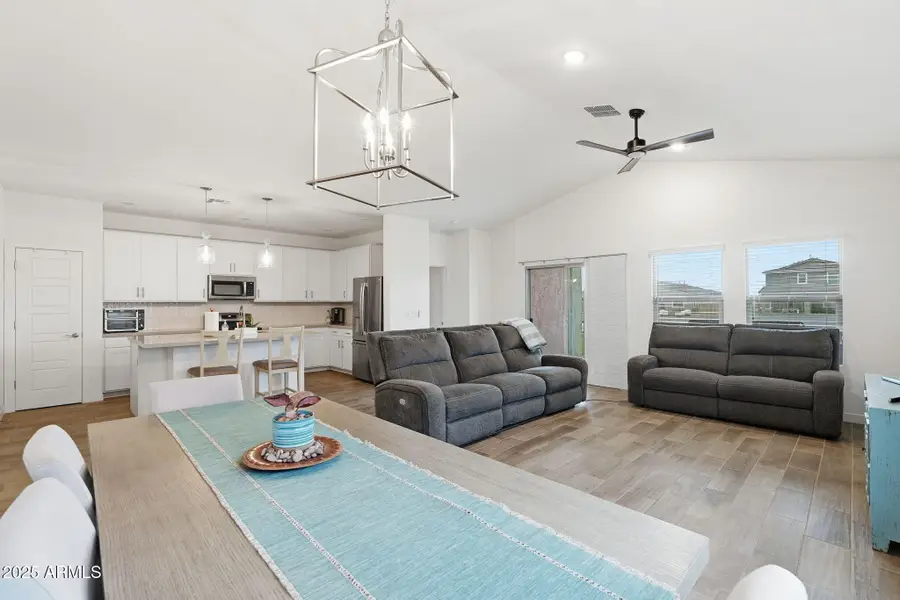 40500 W Chambers Drive, Maricopa, AZ 85138 - Image #3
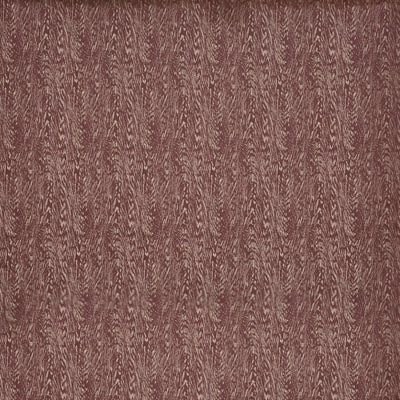 Gulfoss Mahogany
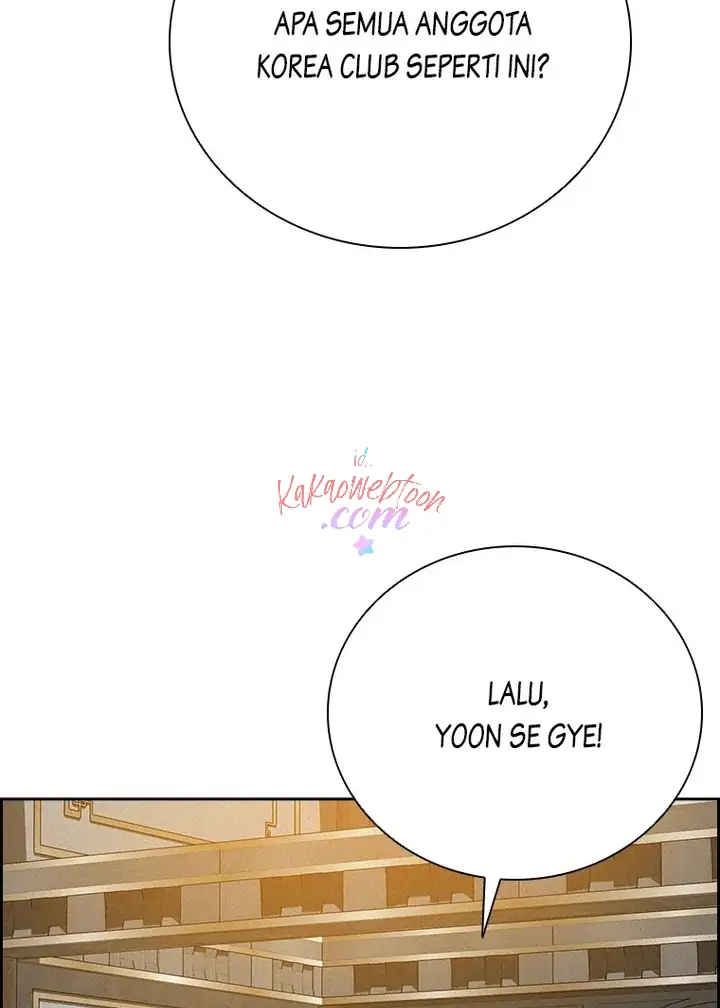 Chapter 142 - halaman 14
════════
» Problem description
Return all the lines above exactly; none of the pictures should appear.

» Result of the exercise
 40500 W Chambers Drive, Maricopa, AZ 85138 - Image #3
 Gulfoss Mahogany
 Chapter 142 - halaman 14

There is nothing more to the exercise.